Die vier Saiten der Pipa erzählen hier variantenreich den Hergang einer bewegten Schlacht in der chinesischen Geschichte (202 a.C.). Nach dem Ende der Quin-Dynastie entbrannte ein bitterer Kampf um die Krone unter den Armeen Chus und Hans, der in einer bewaffneten Auseinandersetzung unter ihren Anführern Xiang Yu und Liu Bang gipfelte.
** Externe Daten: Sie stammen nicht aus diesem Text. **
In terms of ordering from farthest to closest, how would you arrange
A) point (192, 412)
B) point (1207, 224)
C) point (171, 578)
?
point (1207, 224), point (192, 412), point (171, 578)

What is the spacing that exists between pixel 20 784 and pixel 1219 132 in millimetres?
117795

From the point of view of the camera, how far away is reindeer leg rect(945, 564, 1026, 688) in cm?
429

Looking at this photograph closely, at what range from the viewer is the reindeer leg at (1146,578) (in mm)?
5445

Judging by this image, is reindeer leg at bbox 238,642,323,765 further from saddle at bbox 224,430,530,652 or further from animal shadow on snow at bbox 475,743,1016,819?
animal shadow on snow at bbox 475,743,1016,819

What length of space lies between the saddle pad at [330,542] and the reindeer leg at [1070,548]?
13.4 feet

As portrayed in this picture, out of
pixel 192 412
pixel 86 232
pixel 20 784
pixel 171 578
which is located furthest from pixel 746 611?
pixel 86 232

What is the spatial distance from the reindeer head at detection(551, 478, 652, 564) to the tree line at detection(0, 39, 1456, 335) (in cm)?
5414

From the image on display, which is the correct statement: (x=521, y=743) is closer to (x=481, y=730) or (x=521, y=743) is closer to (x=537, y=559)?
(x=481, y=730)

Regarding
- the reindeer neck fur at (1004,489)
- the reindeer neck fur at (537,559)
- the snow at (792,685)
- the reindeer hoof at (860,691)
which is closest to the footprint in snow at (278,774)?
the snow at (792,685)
Schließlich belagerten 300.000 Han Soldaten Xiang Yu's 100.000 Mann starke Armee unter Chu. Zwar durchbrach Xiang Yu mit 800 Reitern die übermächtige Belagerung durch Han's Streitkräfte, doch verfolgt von 5000 Reitern unter Liu Bang, sah sich Xiang Yu schließlich gezwungen, nach einem erbitterten und aussichtslosen Kampf am Wuijang Fluss Selbstmord zu begehen.Virtuos reflektiert das Stück das Auf und Ab der Geschehnisse, so dass sie sich vor dem inneren Auge des Zuhörers abzuzeichnen beginnen.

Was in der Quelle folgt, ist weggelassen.